Omit all pictures. Print the remaining lines exactly, from the start of the data through the line containing "TRIS WHITE CUBES".

§

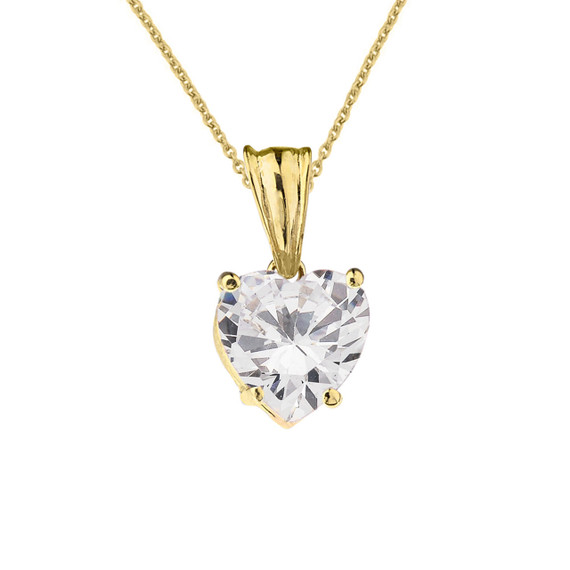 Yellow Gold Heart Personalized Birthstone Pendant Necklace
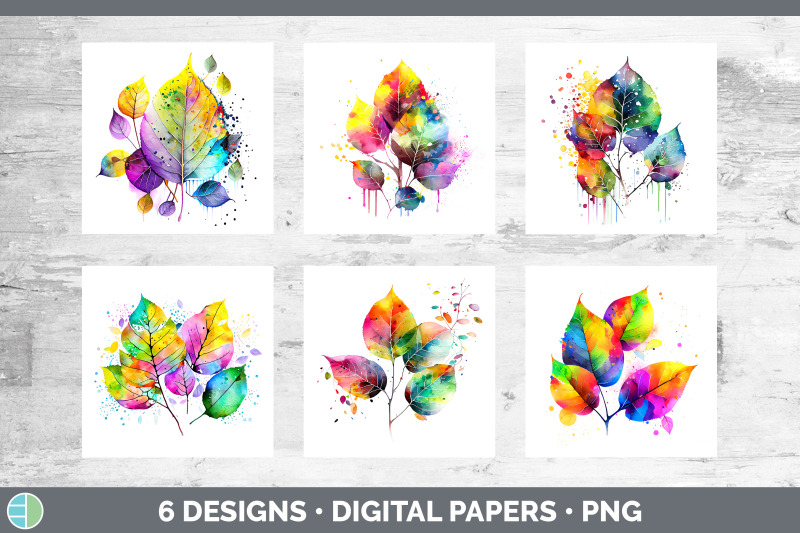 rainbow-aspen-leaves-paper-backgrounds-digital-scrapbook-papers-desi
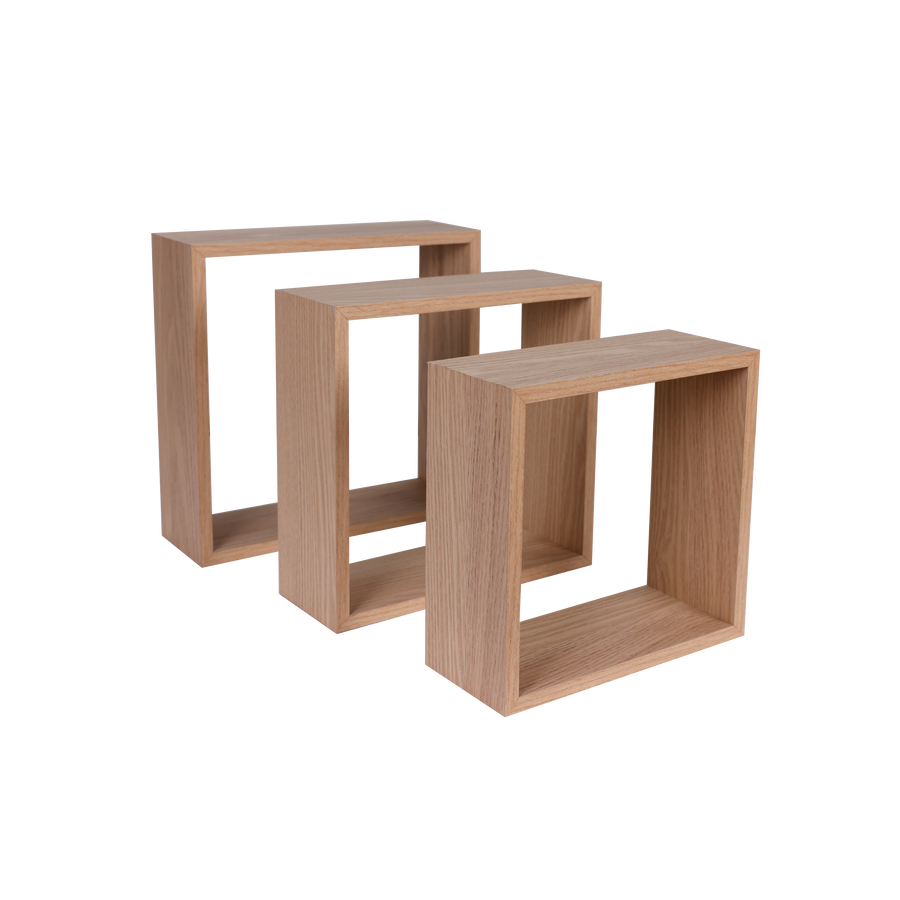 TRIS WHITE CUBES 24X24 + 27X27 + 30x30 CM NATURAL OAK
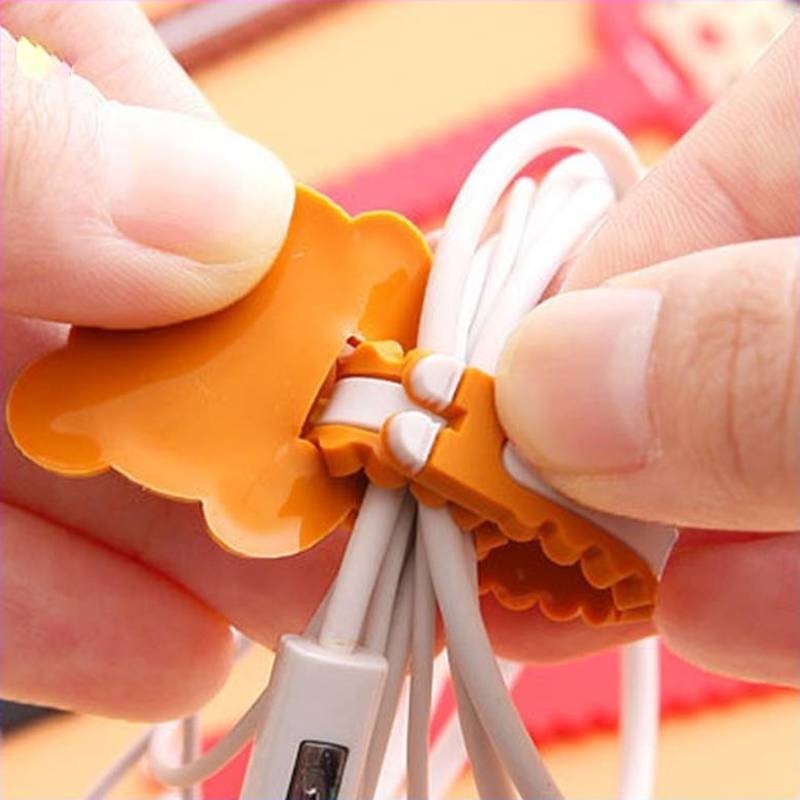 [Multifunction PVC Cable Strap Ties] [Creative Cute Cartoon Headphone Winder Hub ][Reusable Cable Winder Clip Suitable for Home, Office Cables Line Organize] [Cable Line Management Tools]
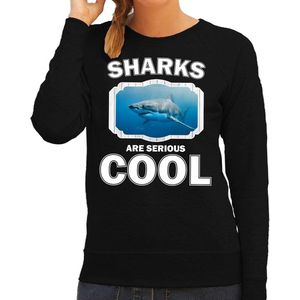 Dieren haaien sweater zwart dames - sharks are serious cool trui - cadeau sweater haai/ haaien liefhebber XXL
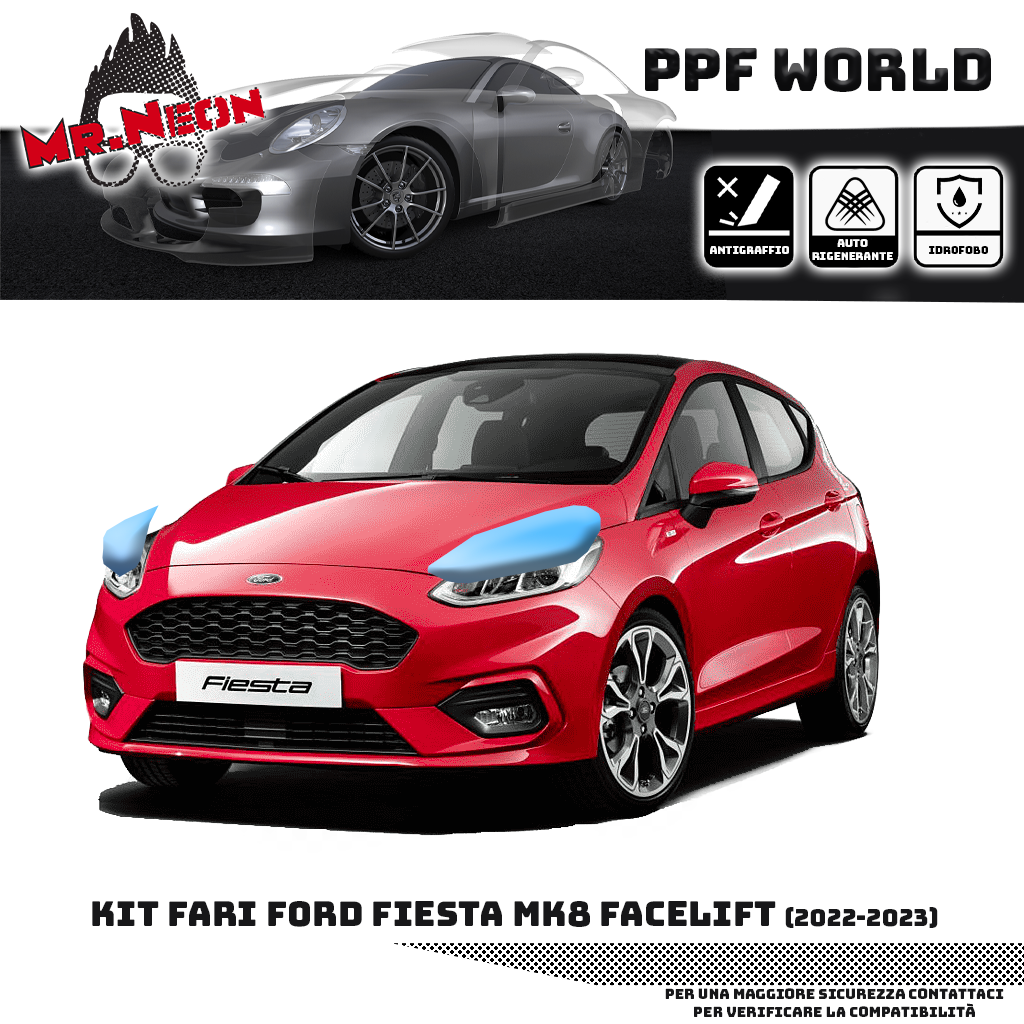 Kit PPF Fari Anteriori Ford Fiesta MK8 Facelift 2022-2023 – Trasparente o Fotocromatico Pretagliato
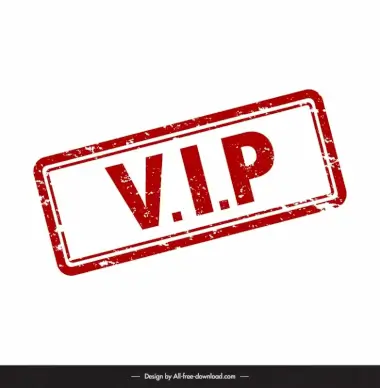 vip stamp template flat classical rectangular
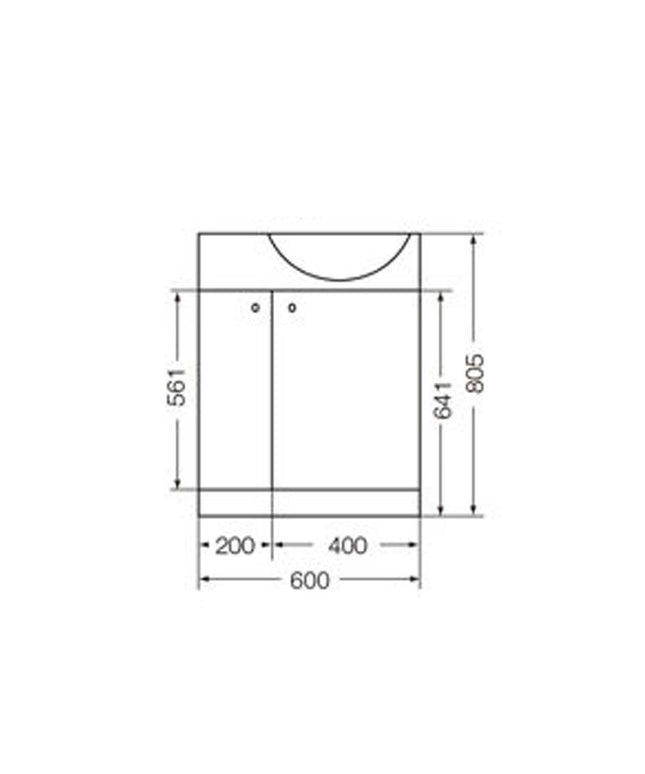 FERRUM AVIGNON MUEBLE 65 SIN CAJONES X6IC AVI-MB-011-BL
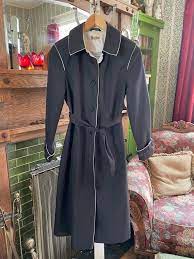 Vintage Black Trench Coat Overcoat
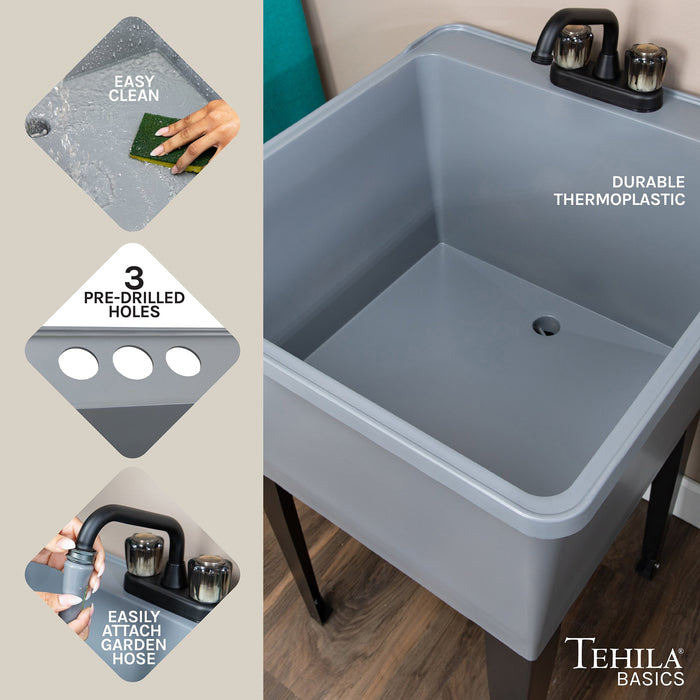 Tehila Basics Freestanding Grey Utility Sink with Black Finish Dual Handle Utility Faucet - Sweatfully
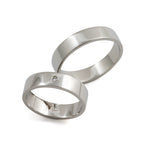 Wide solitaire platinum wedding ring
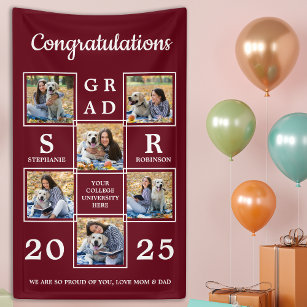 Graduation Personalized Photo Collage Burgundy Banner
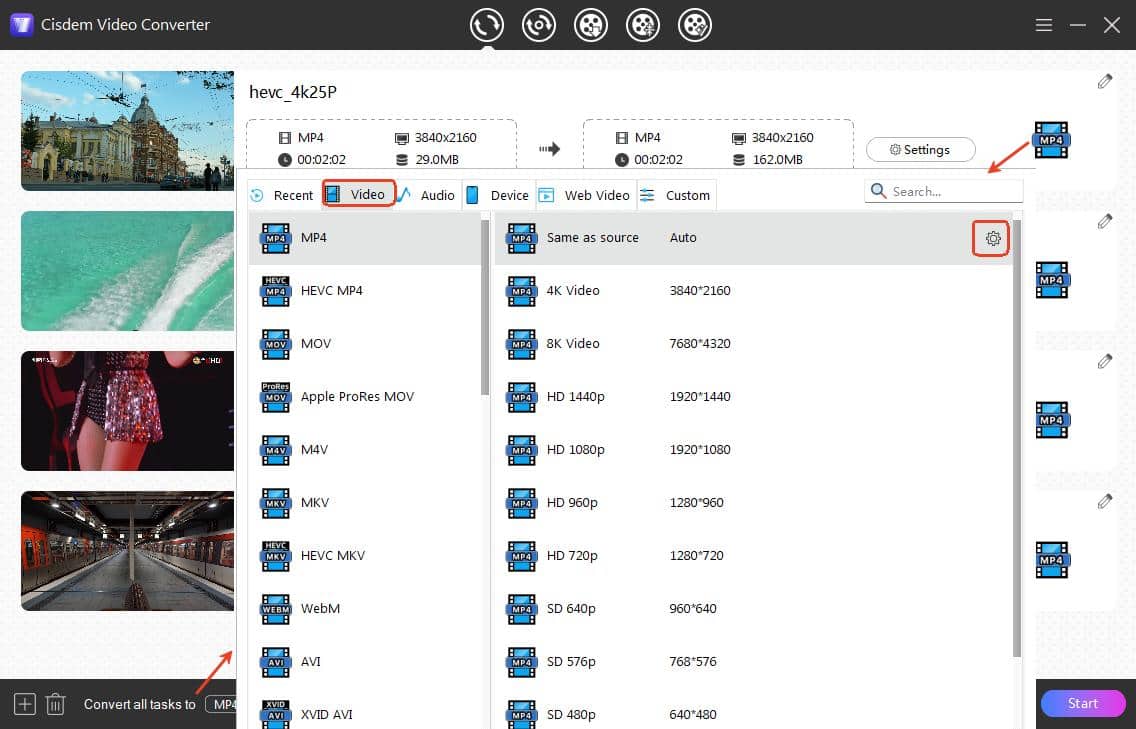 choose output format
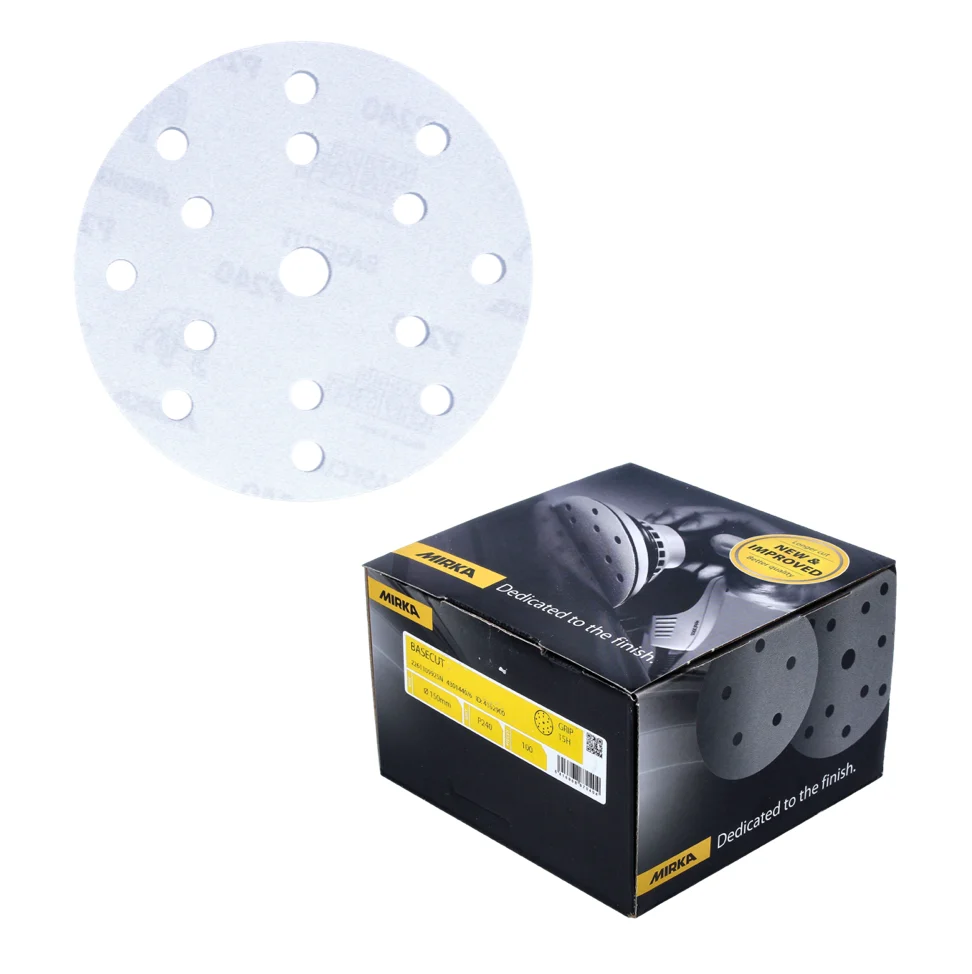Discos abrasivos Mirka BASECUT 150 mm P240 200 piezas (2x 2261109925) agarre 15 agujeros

§

● **Answer for the task**
 Yellow Gold Heart Personalized Birthstone Pendant Necklace
 rainbow-aspen-leaves-paper-backgrounds-digital-scrapbook-papers-desi
 TRIS WHITE CUBES 24X24 + 27X27 + 30x30 CM NATURAL OAK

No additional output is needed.